That's one way to look at it, I guess. Others? I'd really like to discuss this book more with folks- I've never actually met anyone in the flesh who has completed this book, but then, I live in a part of the country where Eastman's Journal is the only thing read by everyone, including me.

I haven't read any other Pynchon. He's like Laurence Durrell (sp?), you need to take long, LONG breaks between diving into their works. At least, I do.

[ 09-08-2001: Message edited by: Theo Kalypso ]
 
 
Dee Vapr
14:50 / 09.08.01
****SPOILERS*****
That's pretty much how I read it, Theo, but I still don't quite see how their relationships are "reweaved" at the end (is it the black / white dichotomy you refer to?). btw did Enzian / Tch. ever physically meet? - apart from the end, I mean, when they don't recognise each other? I don't recollect it happening at all in the text.

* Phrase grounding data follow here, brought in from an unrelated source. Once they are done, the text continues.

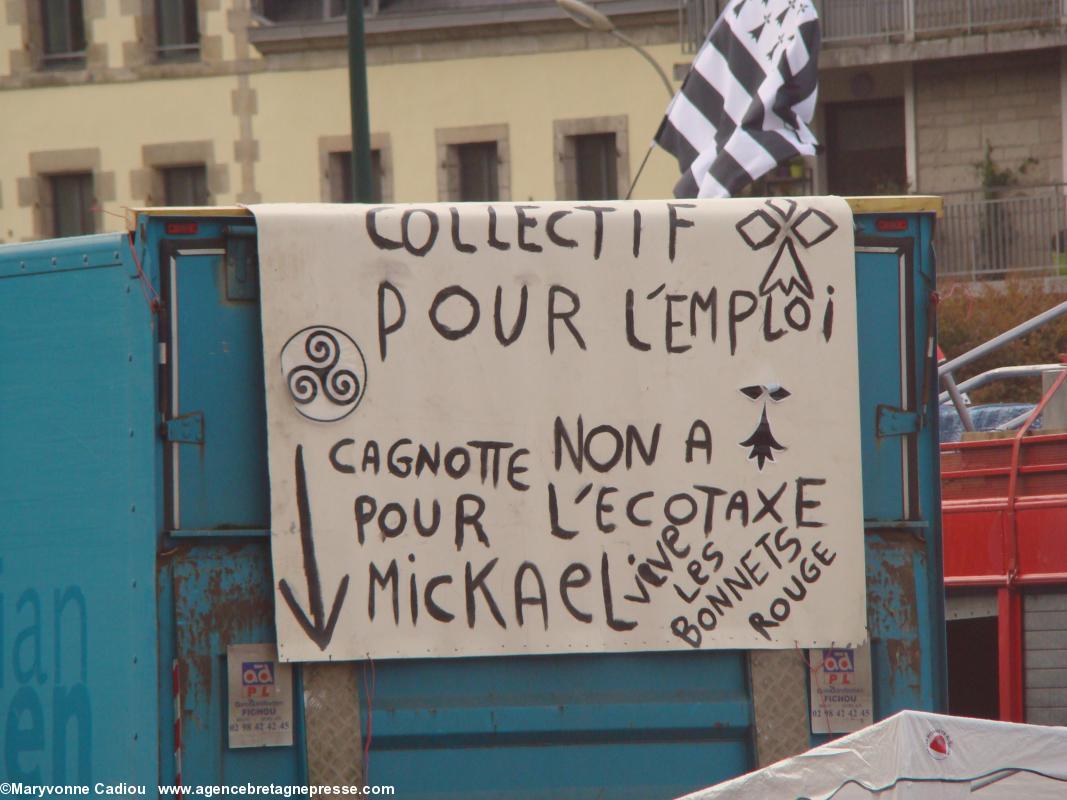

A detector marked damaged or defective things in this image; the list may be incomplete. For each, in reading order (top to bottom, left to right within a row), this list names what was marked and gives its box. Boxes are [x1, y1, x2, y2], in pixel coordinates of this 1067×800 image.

rusty blue metal panel [0, 231, 157, 785]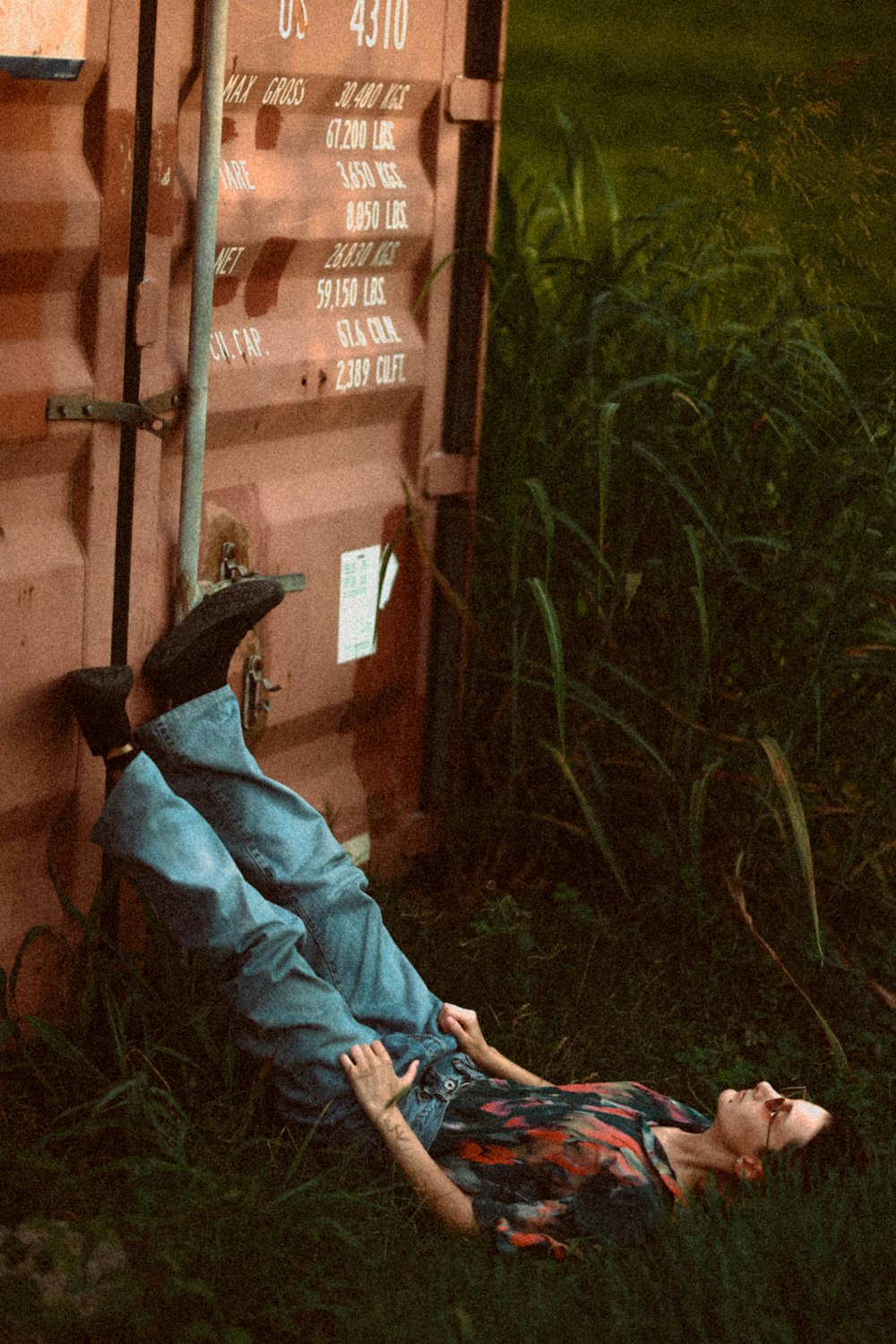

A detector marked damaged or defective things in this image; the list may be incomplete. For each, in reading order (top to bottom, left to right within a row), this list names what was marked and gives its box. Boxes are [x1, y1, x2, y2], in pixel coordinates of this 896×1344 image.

rusty shipping container [0, 0, 504, 1011]
rust stain [243, 237, 295, 317]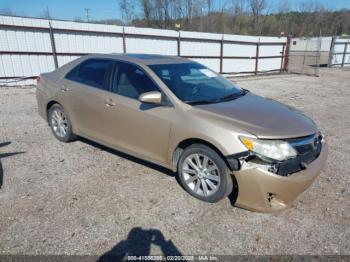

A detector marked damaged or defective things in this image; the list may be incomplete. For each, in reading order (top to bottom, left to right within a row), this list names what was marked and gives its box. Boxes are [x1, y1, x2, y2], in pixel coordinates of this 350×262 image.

damaged front bumper [230, 140, 328, 212]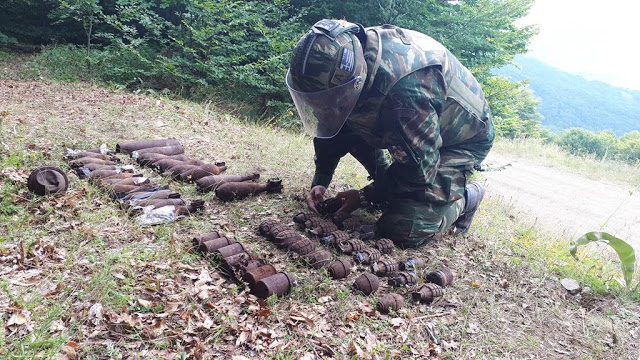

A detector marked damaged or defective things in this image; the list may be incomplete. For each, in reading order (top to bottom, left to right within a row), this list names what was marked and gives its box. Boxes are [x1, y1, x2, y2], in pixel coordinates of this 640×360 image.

pile of rusty ammunition [123, 139, 284, 201]
rusty shell casing [27, 167, 68, 195]
rusty metal cap [27, 167, 68, 195]
corroded metal object [27, 167, 68, 197]
pile of rusty ammunition [64, 139, 202, 224]
rusty shell casing [196, 173, 258, 193]
rusty shell casing [258, 219, 280, 236]
rusty shell casing [192, 231, 225, 248]
rusty shell casing [199, 236, 236, 253]
pile of rusty ammunition [192, 231, 298, 298]
rusty shell casing [242, 264, 278, 286]
rusty shell casing [254, 272, 296, 298]
rusty shell casing [272, 231, 302, 248]
rusty shell casing [286, 239, 316, 256]
rusty shell casing [302, 252, 332, 268]
rusty shell casing [320, 231, 350, 248]
rusty shell casing [328, 260, 352, 280]
corroded metal object [328, 260, 352, 280]
rusty shell casing [338, 239, 362, 256]
corroded metal object [340, 239, 364, 256]
rusty shell casing [350, 272, 380, 296]
corroded metal object [352, 272, 378, 296]
rusty shell casing [352, 249, 382, 266]
corroded metal object [352, 249, 382, 266]
corroded metal object [372, 238, 392, 255]
rusty shell casing [370, 260, 400, 278]
corroded metal object [370, 260, 400, 278]
rusty shell casing [376, 238, 396, 255]
rusty shell casing [376, 294, 404, 314]
corroded metal object [376, 294, 404, 314]
rusty shell casing [412, 284, 442, 304]
corroded metal object [412, 284, 442, 304]
rusty shell casing [424, 268, 456, 288]
corroded metal object [424, 268, 456, 288]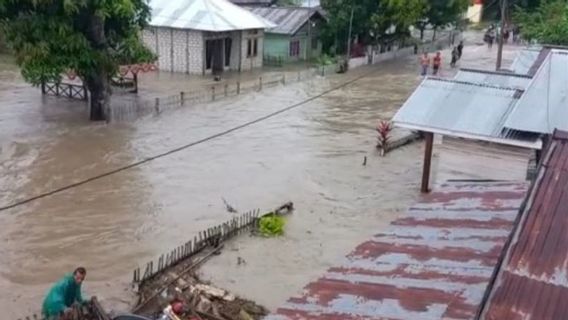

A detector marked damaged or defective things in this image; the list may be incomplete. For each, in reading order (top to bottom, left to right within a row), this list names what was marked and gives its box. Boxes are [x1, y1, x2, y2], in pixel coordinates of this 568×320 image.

rusty tin roof [266, 181, 528, 318]
rusty tin roof [482, 131, 568, 320]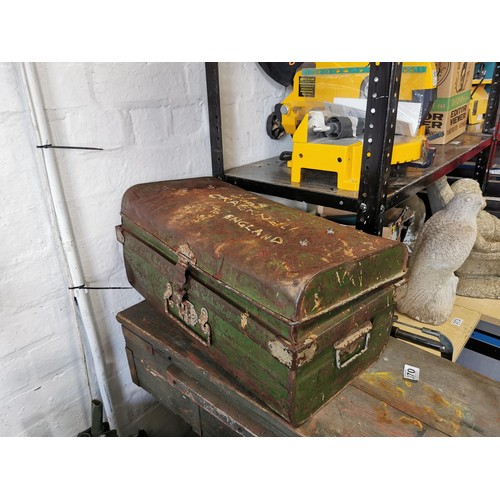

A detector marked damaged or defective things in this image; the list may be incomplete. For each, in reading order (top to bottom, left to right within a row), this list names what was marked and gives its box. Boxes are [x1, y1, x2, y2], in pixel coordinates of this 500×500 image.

rusty trunk lid [120, 178, 406, 322]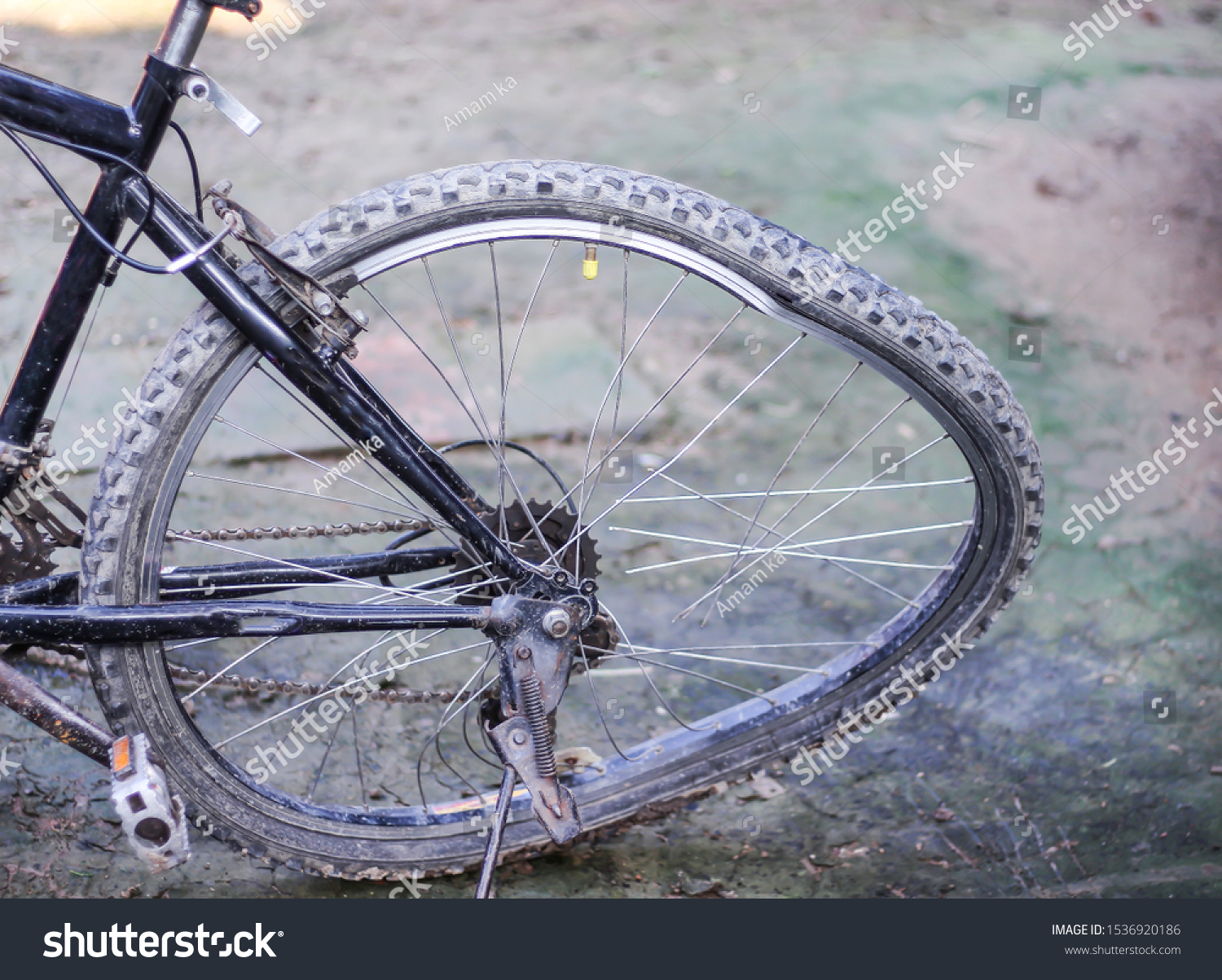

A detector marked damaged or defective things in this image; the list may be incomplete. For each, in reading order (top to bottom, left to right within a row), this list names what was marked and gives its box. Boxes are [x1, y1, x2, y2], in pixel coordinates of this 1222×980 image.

bent bicycle wheel [81, 160, 1046, 880]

ps. the first part of that Pirate Prentice essay is here.
 
 
Annunnaki-9
12:36 / 10.08.01
Alright, here's my reply to that. Warning- it may be extremely unsatisfactory to you, and I by no means claim to have 'the answer.' In fact, the best way would be to show you.

Go rent the movie 'Atomic Cafe.' Watch it. Turn it off near the end when the squeaky clean Amerikans are awaiting the impact of the bomb in well stocked shelters throughout the nation.

That's how I feel he (P) 'tied it together.' It's similar to Eco's 'Island of the Day Before,' in a way.

Tch. never finds Enzian. Slothrop never finds 00000. Enzian and the Schwarzcommando have fired the rocket, but, at the end of the book, have never found Apocalypse.
It might be Cold War paranoia. The bomb is up there, Brenschlauss has been achieved, but we all, ALL await the impact. And we still are.

It might also be Freudo-Jungian. We can pursue our shadow in whatever manifestation it may take, even a white bright phallic symbol in plastic if need, but we can never actually reach it.
 
 
Ethan Hawke
13:36 / 10.08.01
quote:Originally posted by Theo Kalypso:
****SPOILERS*****

No, really , it was, the Schwarzcommando were slick, almost invisible in the post war milieau. So, Tch. was searching out his black shadow self- Freudian/Jungian readings DO apply, just as Enzian and his crew were seeking the rocket, built by Blichero ('white'), containing, well, you know what, to fire off at the north pole, also known for its whiteness, to hasten the Apocalypse. Black seeks white, white seeks black.... Don't forget that Blichero, the Nazi, and Enzian were lovers in a day gone by.



Pynchon does a textbook deconstruction on this freudian dichotomy though, as whiteness throughout the book is equated with death, in opposition to the usual, um, opposition. White is death, black is life.
 
 
Annunnaki-9
18:05 / 13.08.01
Again, I don't see that as an absolute in the book. For some at some times, black IS life, for example, young Blichero in Africa. But black is also death- the Schwarzcommando's forcing the Apocalypse via the rocket. White is also both at times, Blichero is a deathly force, and Slothrop for a while believes that by locating the White Rocket, he'll recover his lost life.

I think Pynchon was really shrewd in not allowing there to be set absolutes. It keeps the conversation going.
 
 
deja_vroom
19:06 / 26.03.04
I hate this book. I'm finishing it, but already know it will take me at least three re-readings (and maybe a space of, like, one year between each of them) to get something more rewarding out of this book. I'm only scratching at the surface, just following the story-as-it-is and not going any deeper with the symbology and hidden structures, hidden meanings. Oh, the headache.
 
 
Abigail Blue
21:38 / 26.03.04
Yay for Jade! I hated GR, too. In order to force myself to read it, it was the only book I brought with me on a 2 week business trip a few years ago. The trip itself was miserable, but the reading material certainly didn't help.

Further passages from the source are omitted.